I was nervous holding year-end performance reviews for the first time as a manager with direct reports. I had a few things working against me:
- My entire career as an individual contributor saw wholly positive reviews. I didn’t know how to receive negative reviews, let alone deliver them.
- I transitioned into management near the end of the fiscal year, meaning I didn’t have a strong grasp of each person’s body of work for the entire year.
- The team had no manager for 6 months prior so there was no one to consult about specific direct report performance.
With 17 direct reports, I had my fair share of awkwardness, lost sleep, and pain over the 2 week review period. Luckily, the experience was an excellent learning opportunity, and I have captured important notes about performance here.
Discuss Performance Routinely
The single biggest takeaway from my experience was to make performance a recurring topic of conversation.
For me, having 17 performance conversations is time consuming, so I now talk explicitly about performance during my monthly one-on-ones. I usually do some leg work before meeting to refamiliarize myself with the direct report’s work and to reflect on opportunities that align with any areas for improvement.
By having performance conversations frequently you accomplish a few things:
- You identify concerns early in the year and allow time for correction by you or by the direct report.
- If no concerns exist, you have a natural forum to thank and congratulate your team for good performance.
- You destigmatize the year-end performance review and make it far less stressful for everyone.
As an engineer I had always embraced fast feedback cycles but I never thought to apply them to managerial topics. Explicitly talking about performance is a natural extension of the feature branch testing, frequent production releases, and impromptu demos that we preach as a development team.
No one told me to have frequent performance conversations with direct reports when I became a manager. There was no document detailing things like this when I got the promotion. Instead, if was a messy trial-by-fire that resulted in disappointed employees and hurt feelings.
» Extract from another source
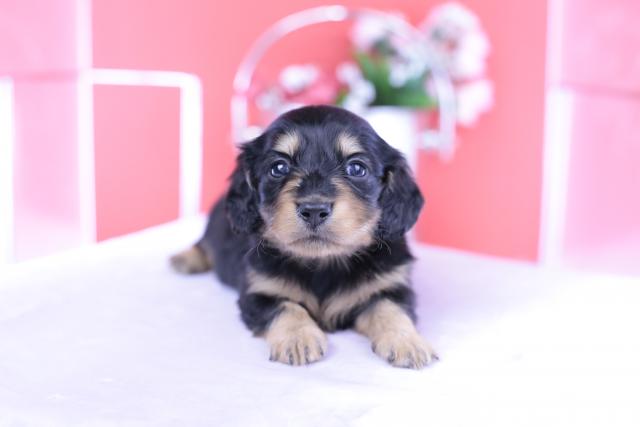 カニヘンダックスフンド ロング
However, embracing the lesson learned has made my team much stronger.
The Bell Curve does not Imply 50% are Poor Performers
One assumption that I made when starting my first round of performance reviews was that the bell curve describing my individual direct report’s performance implied that 50% of my employees were “poor performers”.
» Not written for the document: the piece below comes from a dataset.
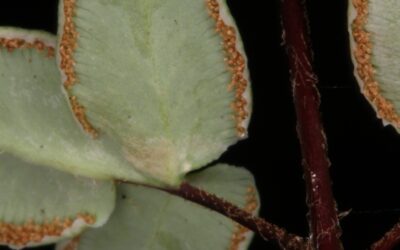 Pellaea atropurpurea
Common sense and experience told me that this couldn’t be the case: my team was filled with motivated, intelligent engineers who enjoyed their jobs. But, ultimately, merit increases were to be allotted following overall performance, with higher performers earning more than lesser performers.
It was a fallacy on my part to think that “below average” meant “poor performer”. The definition of “average” is arbitrary and based on everyone else’s work, and does not accurately reflect the contributions that the individual team member makes.
While there certainly are direct reports who need to improve their performance, I can confidently say that 95% of the team are solid performers even if they would technically classify as 20th percentile.